**DATA SUPPLIED:**

* * * * * * * * *

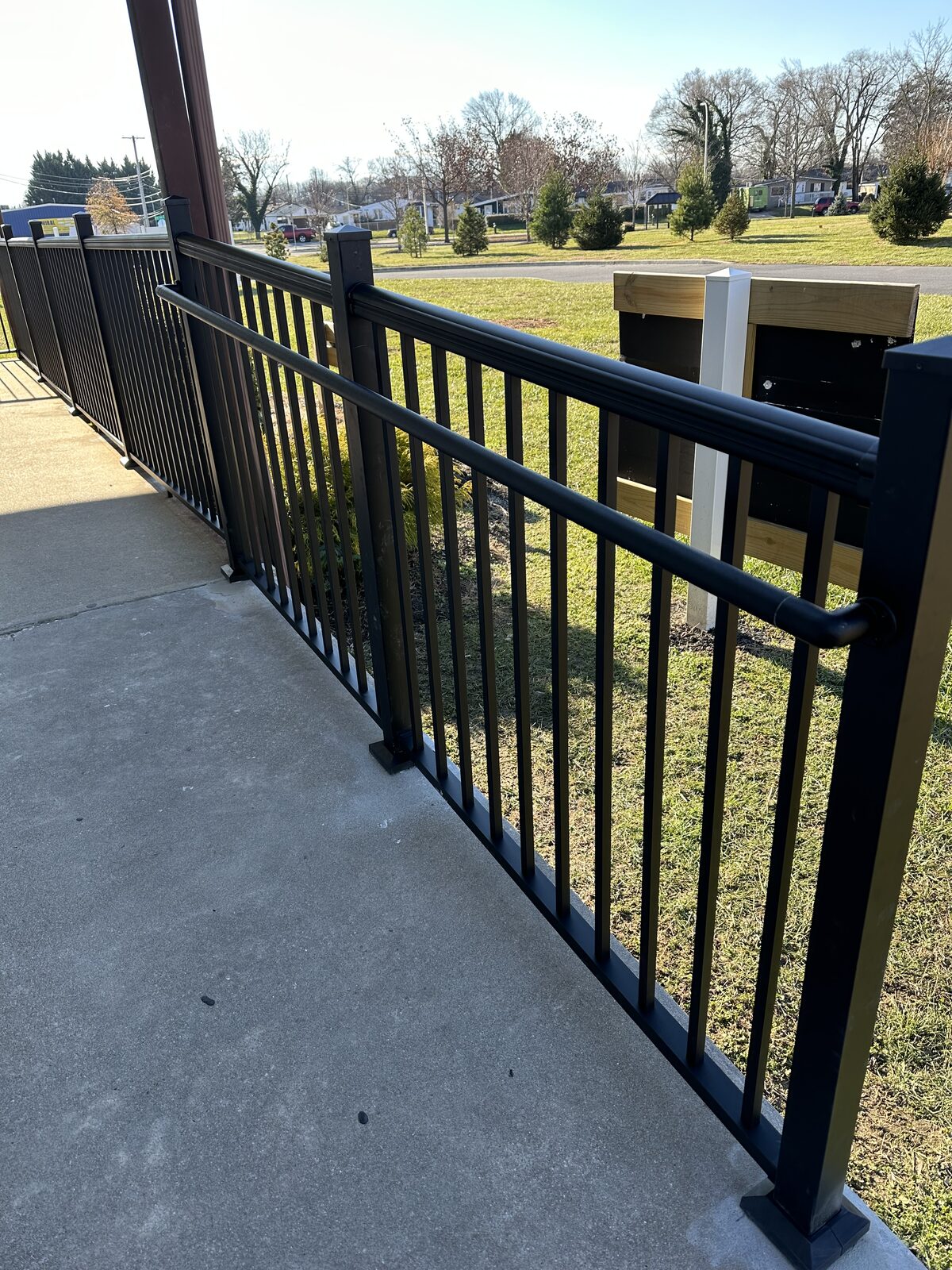 Black aluminum porch railing with double top rail
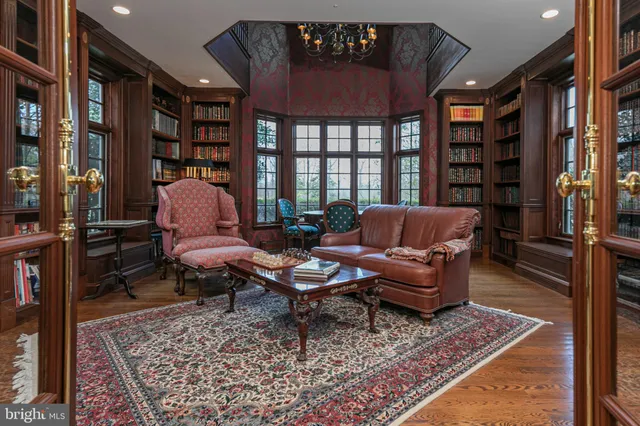 a living room with furniture a rug and a fireplace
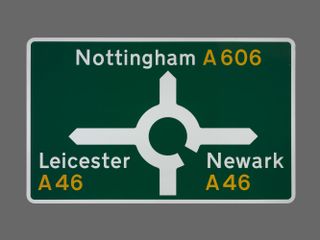 A road sign designed by Margaret Calvert and Jock Kinneir. The green background of the sign features a roundabout symbol with words, Nottingham A606, Leicester A46, Newark A46, written in white and yellow type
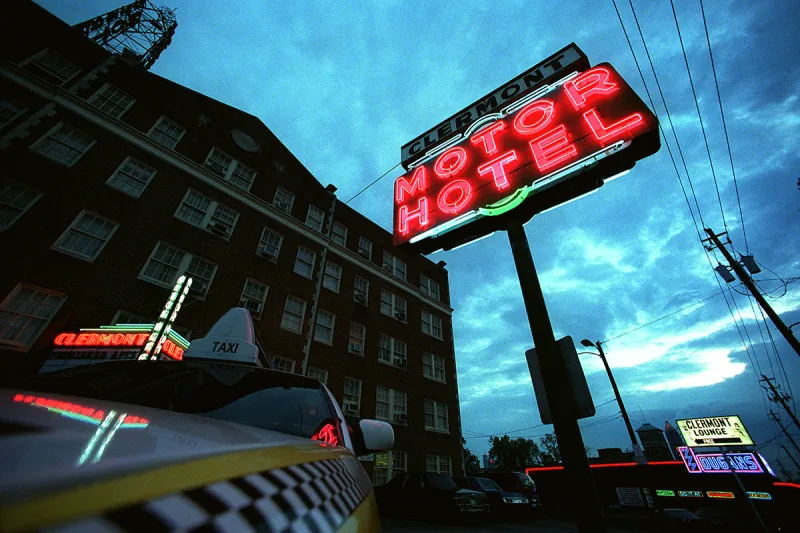 Clermont Motor Hotel red neon and Clermont Lounge signs at dusk with a yellow taxi in the foreground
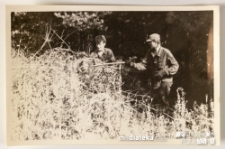 Dwóch mężczyzn wrzucających na stertę ścięte krzaki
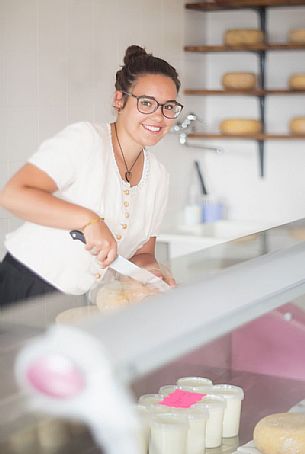 Sale of cheese in Rinfreddo hut, Comelico, dolomites, Italy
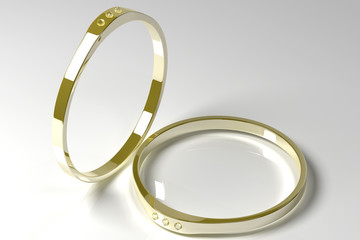 Two golden rings with diamonds on a grey background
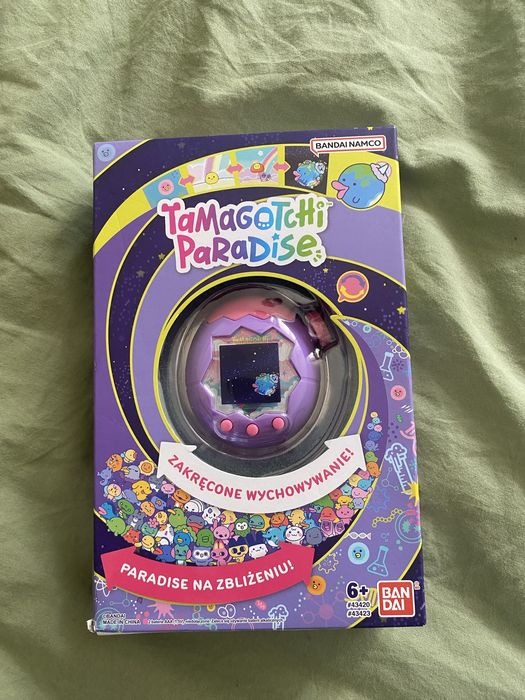 Fioletowe tamagotchi paradise wirtualne zwierzatko bandai 6+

* * * * * * * * *

**EXERCISE GOAL:**
For this exercise, the lines from the one containing "Sale of cheese" through the last line of the entries above are to be output exactly, both included, and pictures are skipped.

**ANSWER SPACE:**
 Sale of cheese in Rinfreddo hut, Comelico, dolomites, Italy
 Two golden rings with diamonds on a grey background
 Fioletowe tamagotchi paradise wirtualne zwierzatko bandai 6+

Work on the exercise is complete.